DATA EXCERPTS:
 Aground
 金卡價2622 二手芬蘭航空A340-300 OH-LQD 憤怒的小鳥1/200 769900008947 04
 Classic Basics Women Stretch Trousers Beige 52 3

...

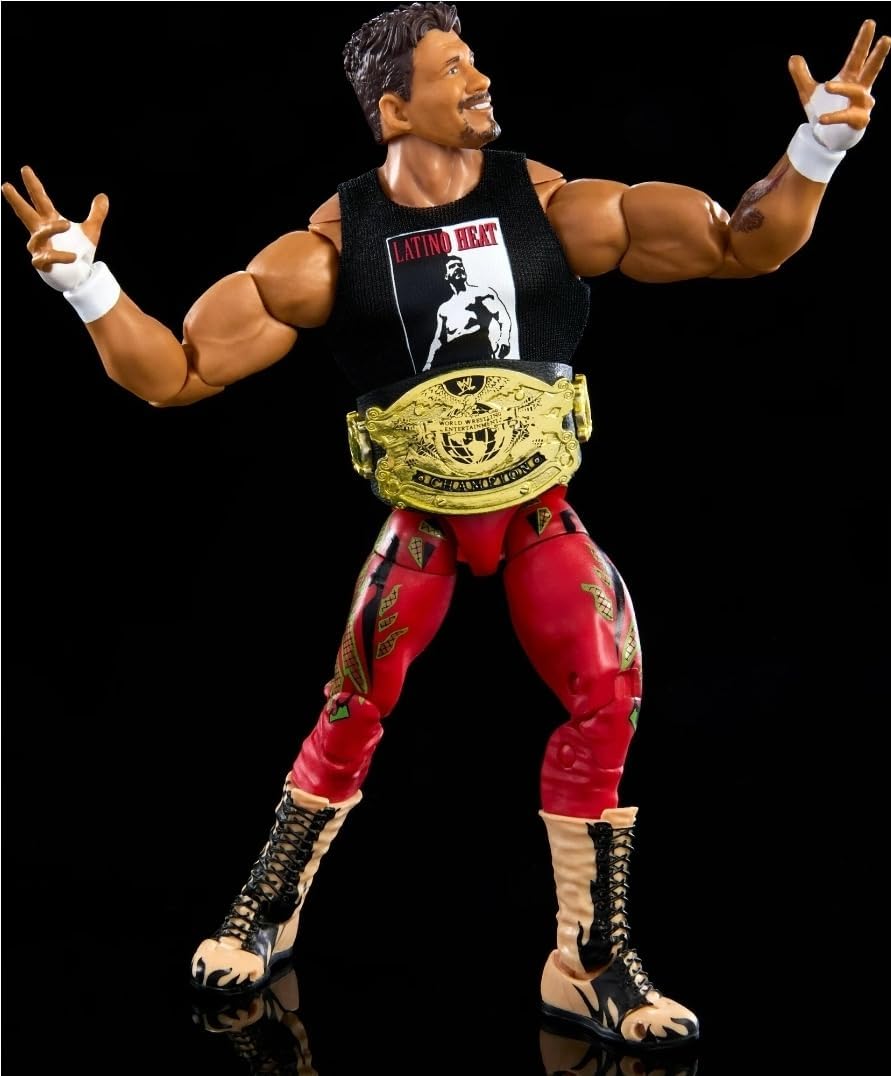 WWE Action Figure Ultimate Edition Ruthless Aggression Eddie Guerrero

YOUR OBJECTIVE:
A verbatim transcription is needed of the lines above, starting at the line with "金卡價2622 二手芬蘭航空A340-300 OH-LQD" and ending at the line with "Classic Basics Women", both included, and of nothing else.

EXERCISE RESPONSE:
 金卡價2622 二手芬蘭航空A340-300 OH-LQD 憤怒的小鳥1/200 769900008947 04
 Classic Basics Women Stretch Trousers Beige 52 3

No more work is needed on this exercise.